To many living in this century, the era of the fur trade is fondly imagined as a picturesque time of romance and adventure, a time of heroes struggling in a vast, often hostile, wilderness. From New France's coureurs de bois to the voyageurs of the North West Company and the men who rowed the Hudson's Bay Company's large, flat-bottomed York boats, the era of fur brigades and trading posts produced many courageous men. Radisson and Groseilliers, La Vérendrye, Anthony Henday, the Frobishers, Peter Pond, Alexander Mackenzie and David Thompson were just a few. Many of today's place names originate from the era of the fur trade: cities and towns such as Edmonton and Churchill; rivers such as the Fraser, Mackenzie, and Thompson; and places such as Portage la Prairie, Howse Pass, and, of course, Rocky Mountain House.
The fur trade was, above all, an economic enterprise.
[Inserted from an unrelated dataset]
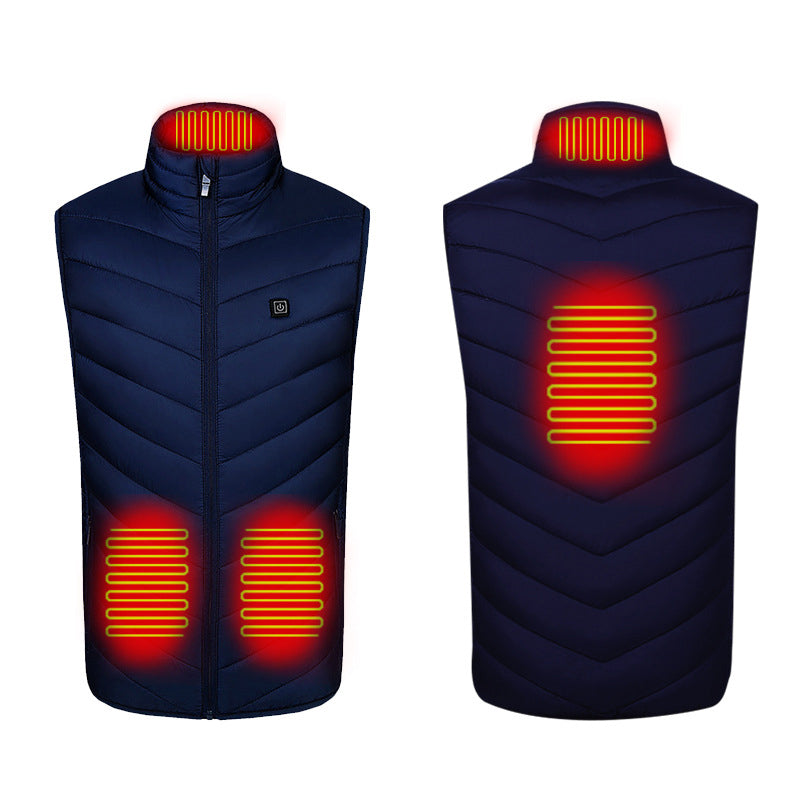 Komfortabel og varm unisex vest, perfekt for fotturer og vintersport.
The fur trade was a successful business. It depended on the mutually beneficial relationship between a demand in Europe for furs (especially the beaver) and the corresponding demand for European goods in Canada. For as long as Europeans demanded furs in great quantity, the trade in North America expanded and prospered. Many men made their fortunes in the fur trade. Montréal became the centre of the Canadian-based trade, establishing itself (through the wealth of this trade) as the economic centre of the St. Lawrence-Great Lakes area.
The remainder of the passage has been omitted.